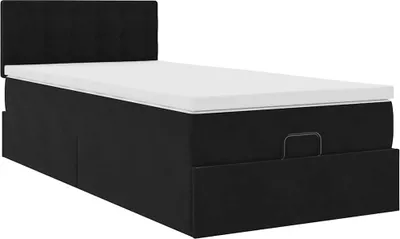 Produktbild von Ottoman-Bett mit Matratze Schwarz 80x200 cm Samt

---

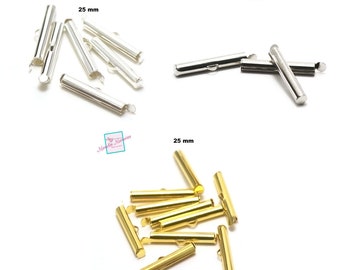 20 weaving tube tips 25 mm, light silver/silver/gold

---

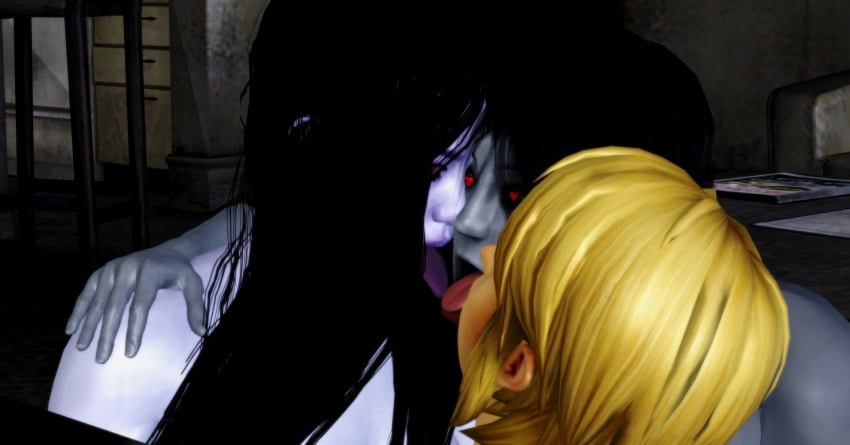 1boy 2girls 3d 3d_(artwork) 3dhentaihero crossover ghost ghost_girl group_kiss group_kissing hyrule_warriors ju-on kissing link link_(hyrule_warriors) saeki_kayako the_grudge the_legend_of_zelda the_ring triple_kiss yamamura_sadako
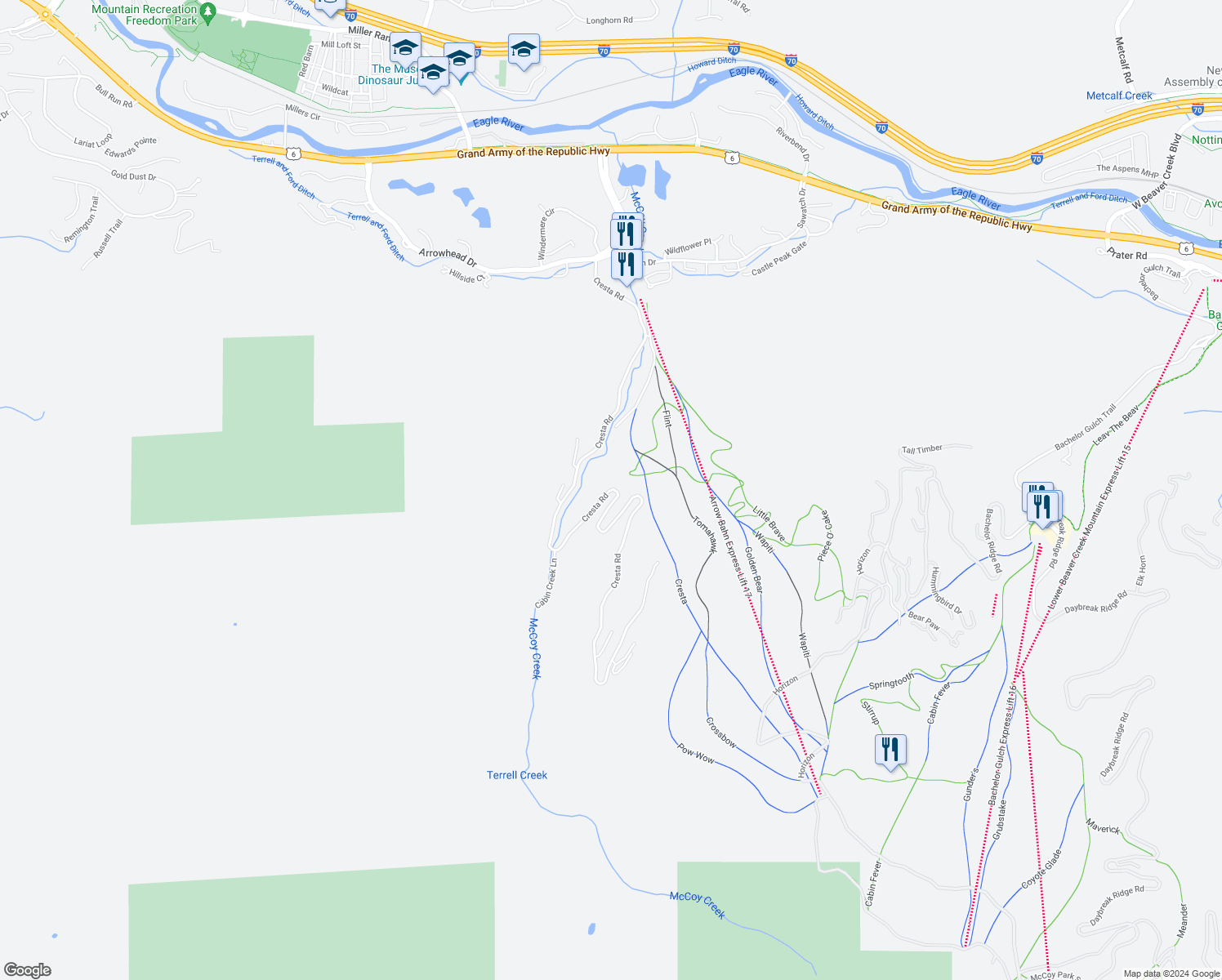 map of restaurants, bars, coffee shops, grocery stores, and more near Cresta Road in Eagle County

• **How to complete this task**: Out of the records above, please copy exactly the lines from the line with "1boy 2girls 3d" up to and including the line with "map of restaurants, bars, coffee", minus the pictures.

• **Completed task**:
 1boy 2girls 3d 3d_(artwork) 3dhentaihero crossover ghost ghost_girl group_kiss group_kissing hyrule_warriors ju-on kissing link link_(hyrule_warriors) saeki_kayako the_grudge the_legend_of_zelda the_ring triple_kiss yamamura_sadako
 map of restaurants, bars, coffee shops, grocery stores, and more near Cresta Road in Eagle County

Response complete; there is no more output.